We lead busy lives. As a consequence, “self-improvement” can feel like something that is just too time-consuming or energy-sucking to deal with. One of the things that can help with this is to do these things in little tiny chunks – say, one minute at a time. I know that no matter how busy you are, you’ve got one minute somewhere in your day. Find that minute and let’s practice one minute of gratitude.
As you may have guessed, it’s a pretty simple process. I’m of the opinion the simplest processes are the ones that have the most profound impact. Rather than complicate them with all that messy cognitive interference (aka “thinking!”), they touch something basic within us.
Here are the steps. There will not be a test at the end.
1. Find a quiet spot.
2. Breathe deeply.
3. Give thanks for something.
4. Breathe some more.
5. Reluctantly leave your quiet spot, but promise it that you will return!
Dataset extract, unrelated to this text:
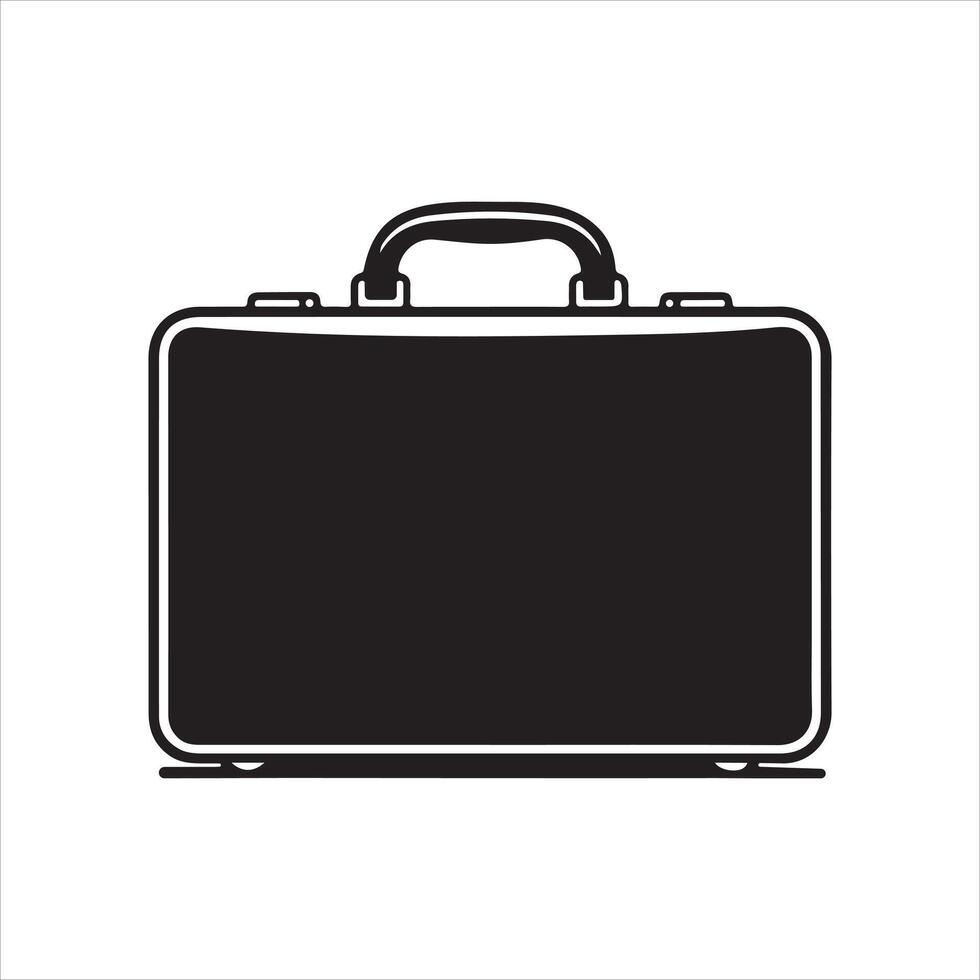 Simple Black Outline of a Briefcase vector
See, I even gave you some exit instructions.
Gratitude is a process that we tend to muck up with our emotional reactions, our learned prejudices and assumptions, and all kinds of other stuff. The trick is to let go of the judgment and just be simply thankful, without a reason or an explanation. If your shoes feel good, flood them with your loving gratitude. Good hair day? That works fine. Someone did something nice for you? Direct your uncomplicated flow of love and gratitude their way.
As the complications come in, be grateful for your mind’s ability to produce such complicated loveliness and then let them GO. Return to that powerful stream of pure thankfulness. Let it wash over you. Pick a color. Is gratitude green and vibrant? Is it muted and smoky? Plaid? Your choice. Envision it touching the object of thanks, if you want. Let your pulsing blue river of gratitude flood over that guy who held the door open on the bus. See it however you’d like.
The point isn’t to do it right. There is no point, really, other than being in that moment of thanks, touching it, letting it become a part of you.
One minute! That’s all. No goal. No way to do it right. Just an opportunity to do it.
Jeff Guardalabene is a psychologist at Pacific’s counseling center on Cedar Street.